- Born: 14 May 1978 (age 48)
- Education: Aerospace engineer
- Alma mater: Institut polytechnique des sciences avancées
- Title: Owner of JSC7 Engineering Ltd

= Julien Simon-Chautemps =

French motor racing engineer (born 1978)

Julien Simon-Chautemps (born 14 May 1978) is a French motor racing engineer. He was a race engineer at various Formula One teams from 2007 to 2022.

==Career==
Simon-Chautemps is a graduate of the French Institut polytechnique des sciences avancées (2002). He started his career as Technical Director of Prema Powerteam (2003-2007) and then to Trident Racing (2007).
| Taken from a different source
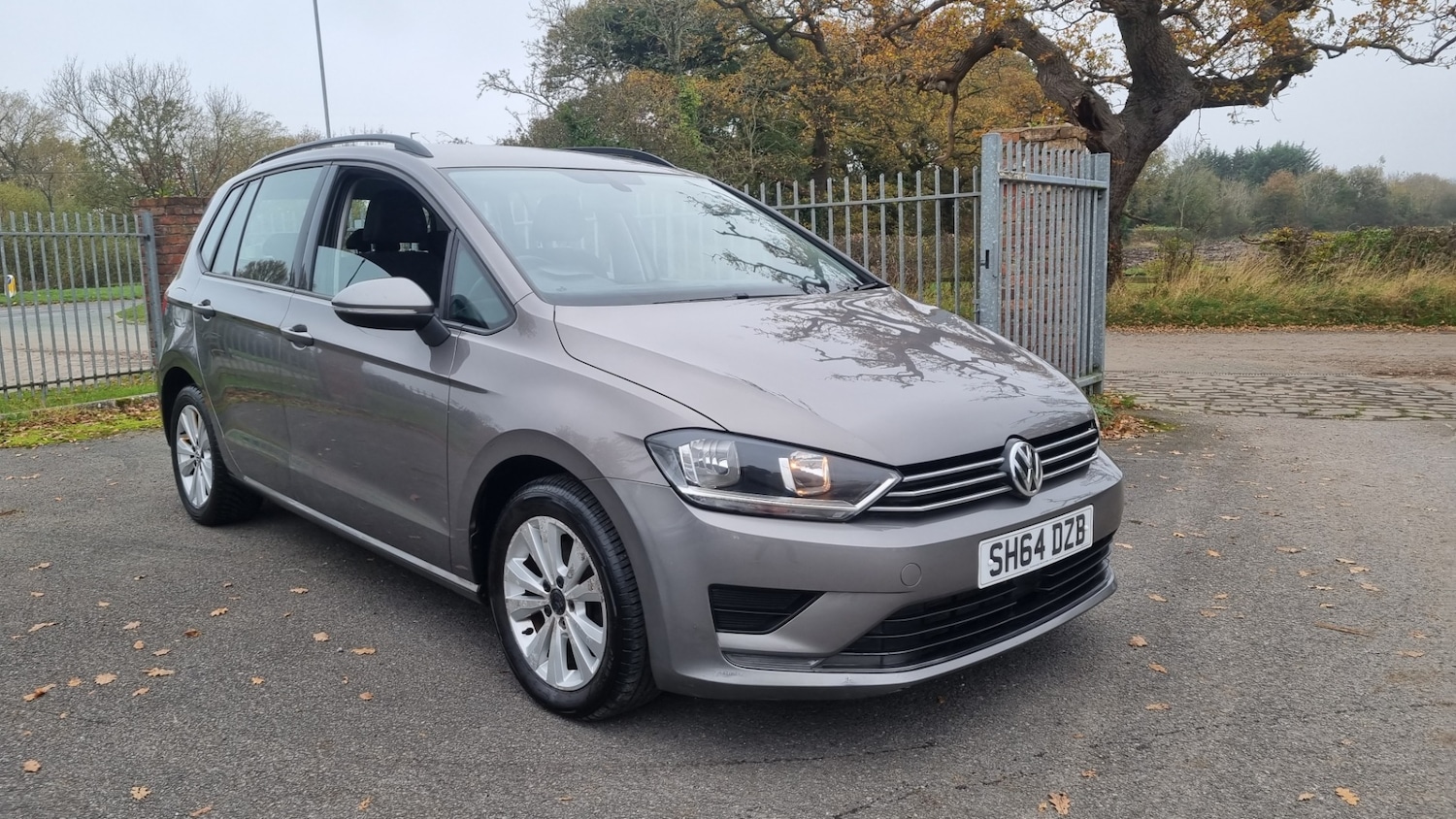 Used Volkswagen Golf SV 2015 for sale - 72805978: Photo 1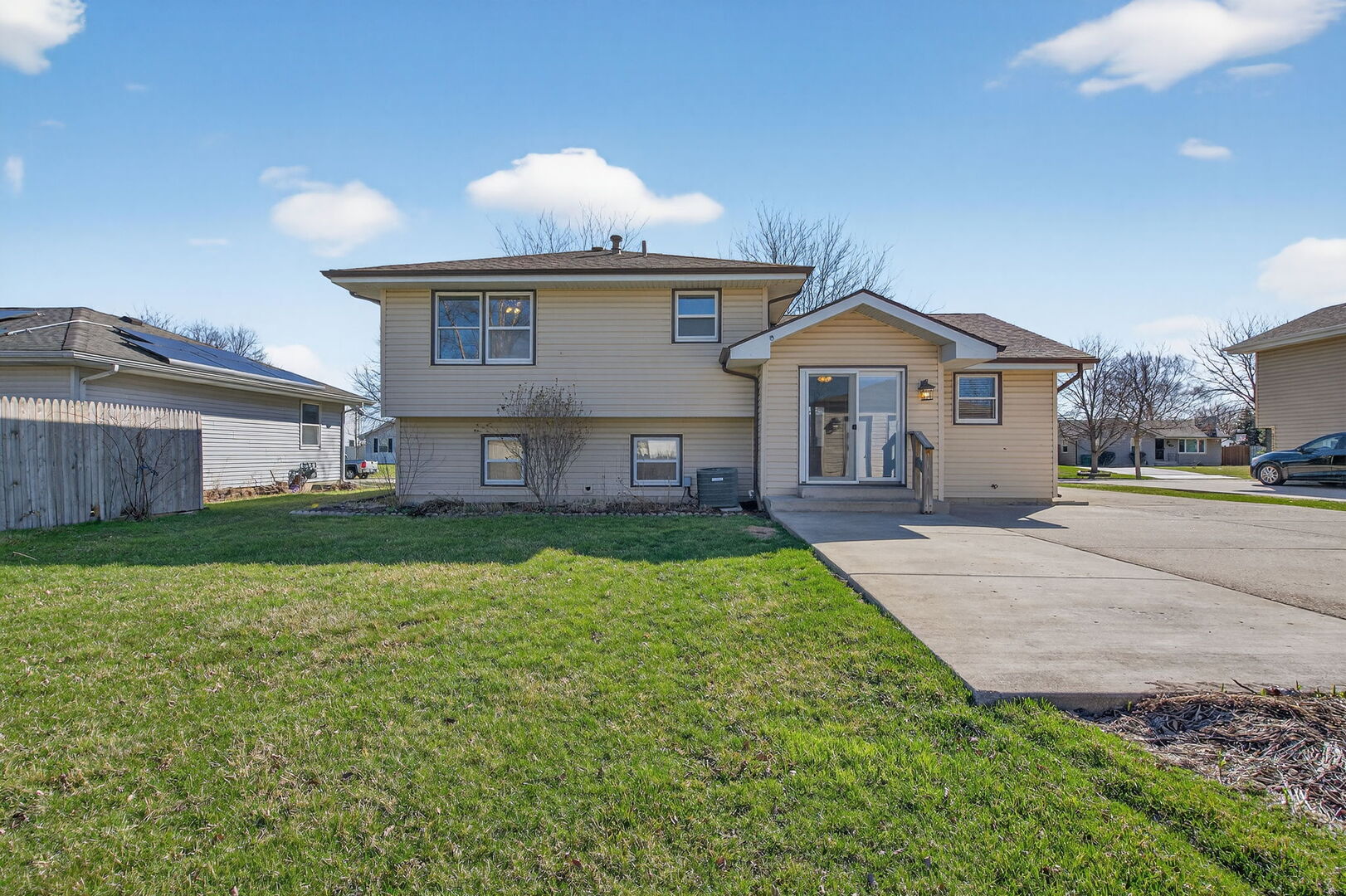 3005 Art Schultz Drive, Plainfield, IL 60586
He moved to Formula One in 2007. From 2007 to 2010 he was race engineer to Jarno Trulli at Toyota and Lotus. In 2011 he moved to Renault, and was engineer to Vitaly Petrov, Kimi Räikkönen, Pastor Maldonado, Romain Grosjean and Jolyon Palmer.

In 2017, Simon-Chautemps moved to Sauber. which was rebranded to Alfa Romeo in 2019. When Räikkönen joined Alfa Romeo in 2019, Chautemps became his race engineer for the second time.

In 2022, Simon-Chautemps decided to leave the Sauber team and has made his own business called JSC7 Engineering Ltd.